首先,如果邻居表中的表项数量entries小于gc_thresh1阈值,不进行回收处理,结束执行。

static void neigh_periodic_work(struct work_struct *work)
{
    struct neigh_table *tbl = container_of(work, struct neigh_table, gc_work.work);
    struct neighbour *n;
    struct neighbour __rcu **np;
    struct neigh_hash_table *nht;

    NEIGH_CACHE_STAT_INC(tbl, periodic_gc_runs);

    write_lock_bh(&tbl->lock);
    nht = rcu_dereference_protected(tbl->nht, lockdep_is_held(&tbl->lock));

    ...

    if (atomic_read(&tbl->entries) < tbl->gc_thresh1)
        goto out;

否则,遍历邻居表的hash桶,即每个桶中的表项链表,如果表项的状态标志位设置了NUD_PERMANENT或者NUD_IN_TIMER位,或者此表项是由外部模块添加的,不执行回收操作。

对于状态位为NUD_PERMANENT的表项,可是接口自身的IP地址与MAC的表项,或者用户通过ip neigh命令所添加。对于状态位NUD_IN_TIMER,表明此表项还在表项自身的定时器处理控制中,暂不需回收处理。对于表项标志位NTF_EXT_LEARNED,表明此表项为外部的VXLAN或者Switchdev等模块所添加,由这些模块自行删除。

    for (i = 0 ; i < (1 << nht->hash_shift); i++) {
        np = &nht->hash_buckets[i];

        while ((n = rcu_dereference_protected(*np,
                lockdep_is_held(&tbl->lock))) != NULL) {
            unsigned int state;

            write_lock(&n->lock);

            state = n->nud_state;
            if ((state & (NUD_PERMANENT | NUD_IN_TIMER)) ||
                (n->flags & NTF_EXT_LEARNED)) {
                write_unlock(&n->lock);
                goto next_elt;
            }

当以上条件不满足时,先行更新一下表项的使用时间,如果表项的引用计数为1,并且状态位等于NUD_FAILED(注意,这里表明仅此一个状态位),或者表项已经超过g_staletime定义的时长没有使用过了,进行回收处理。

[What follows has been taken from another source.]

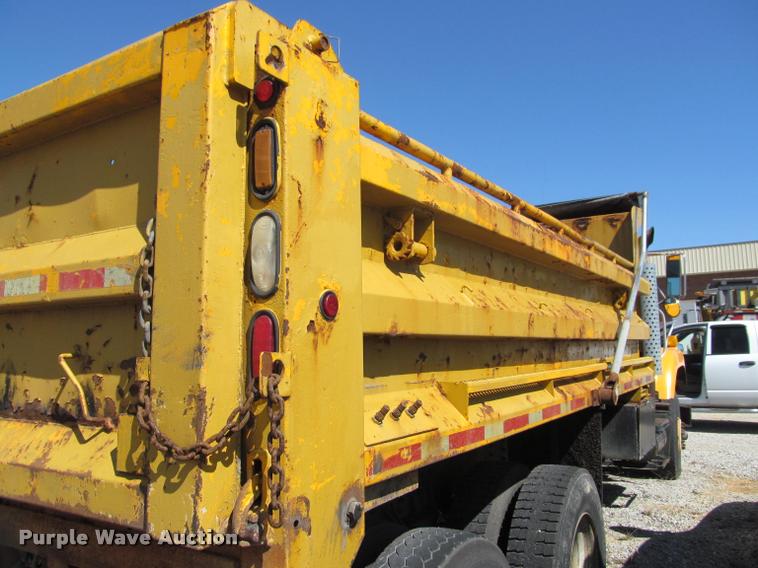 image for item K4974 2002 International F2554 dump truck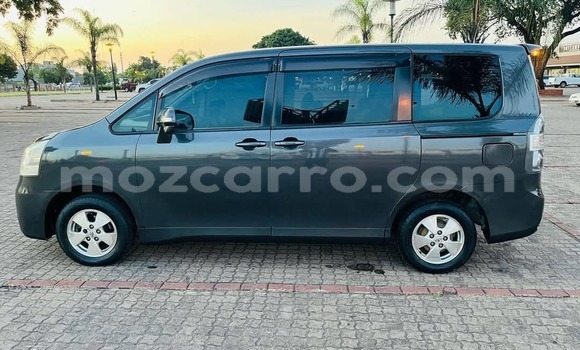 Comprar Usado Toyota Noah Preto Carro em Maputo em Maputo Comprar Usado Toyota Noah Preto Carro em Maputo em Maputo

            if (time_before(n->used, n->confirmed))
                n->used = n->confirmed;

            if (refcount_read(&n->refcnt) == 1 &&
                (state == NUD_FAILED ||
                 time_after(jiffies, n->used + NEIGH_VAR(n->parms, GC_STALETIME)))) {
                *np = n->next;
                neigh_mark_dead(n);
                write_unlock(&n->lock);
                neigh_cleanup_and_release(n);
                continue;
            }
            write_unlock(&n->lock);

next_elt:
            np = &n->next;
        }
        /* It's fine to release lock here, even if hash table grows while we are preempted.
         */
        write_unlock_bh(&tbl->lock);
        cond_resched();
        write_lock_bh(&tbl->lock);
        nht = rcu_dereference_protected(tbl->nht, lockdep_is_held(&tbl->lock));
    }

gc_thresh2/gc_thresh3阈值

如下邻居表强制回收函数neigh_forced_gc,强制清理邻居表的gc_list链表中的表项,最大清理数量为gc_entries中超出gc_thresh2定义的数量的部分,被回收的表项需要满足两个条件:1)引用计数为1;2)状态等于NUD_FAILED或者已超过5秒没有更新了。last_flush记录此次强制回收的时间戳。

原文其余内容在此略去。